Madison did not get his global veto of state enactments for the Congress, but he did get the Supremacy Clause:

This Constitution, and the Laws of the United States which shall be made in pursuance thereof; and all treaties made, or which shall be made, under the authority of the United States, shall be the supreme law of the land; and the judges in every state shall be bound thereby, anything in the constitution or laws of any state to the contrary notwithstanding.

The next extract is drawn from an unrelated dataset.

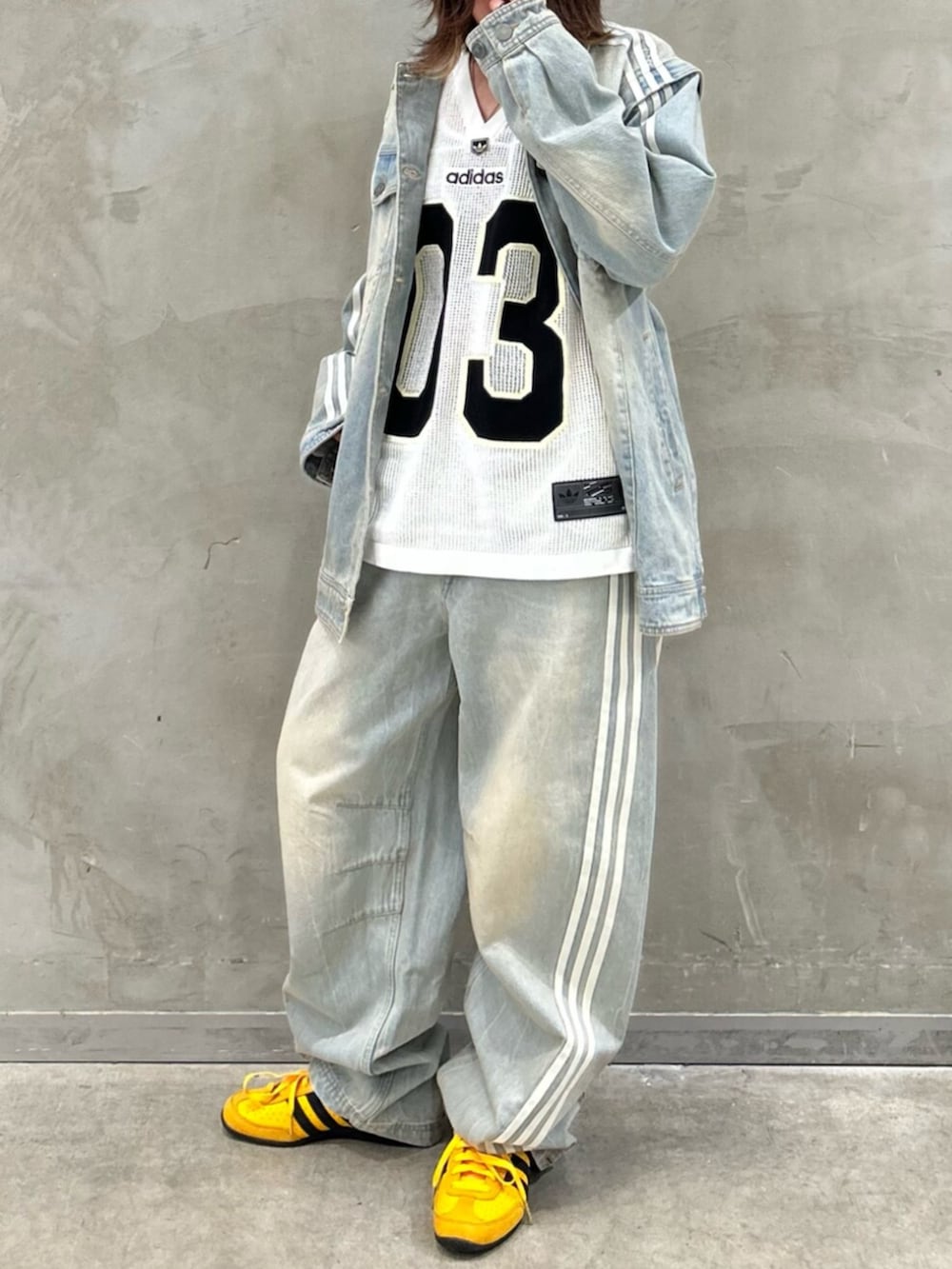 「adilenium、ADILENIUM、オーバーサイズ、デニム、デニムパンツ、デニムジャケット、ニット、Tシャツ、スニーカー、Japan、adidasJAPAN、adidas、adidas originals、アディダス」｜「adidasのAdilenium シーズン 3 2-In-1 デニムシャツジャケット / アディダスオリジナルス adidas Originals（デニムジャケット、ブルー系）」を使った、STさん（レディース・159cm）の冬コーディネートの2枚目の写真
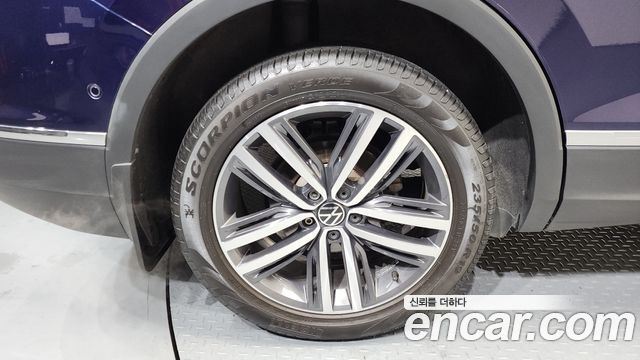 Volkswagen Tiguan Allspace 2.0 TSI Prestige 2023 — фото 5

Roger Taney, Chief Justice of the Supreme Court

Roger Taney

By definition, sovereignty rests with whoever has the final say. The Constitution did not grant that power to the states, nor hazily delegate it to them by not granting it to the nation. It instead strips them of any such power to make laws, even state constitutions, contrary to the laws of the United States. Note that the provision does not limit itself to the national Constitution or treaties, but reaches to any federal legislation whatsoever. Even if the states had sovereignty before ratification, they ceded it then. This leaves no room for nullification either of one law or, in its ultimate form, the nullification of all federal laws by secession. A state could pass a law nullifying the tariff or the Fugitive Slave Act, as respectively South Carolina and Wisconsin did, but such laws existed only on paper and until a federal court declared them void at the latest. Roger Taney’s Supreme Court agreed on the second point when it tossed Wisconsin’s act of nullification, to the thunderous silence of most of the usual states rights enthusiasts. What part of this did South Carolina miss? Presumably the part where its nullification must meet with general approval as such a nullification would strengthen and preserve slavery whereas Wisconsin’s would not.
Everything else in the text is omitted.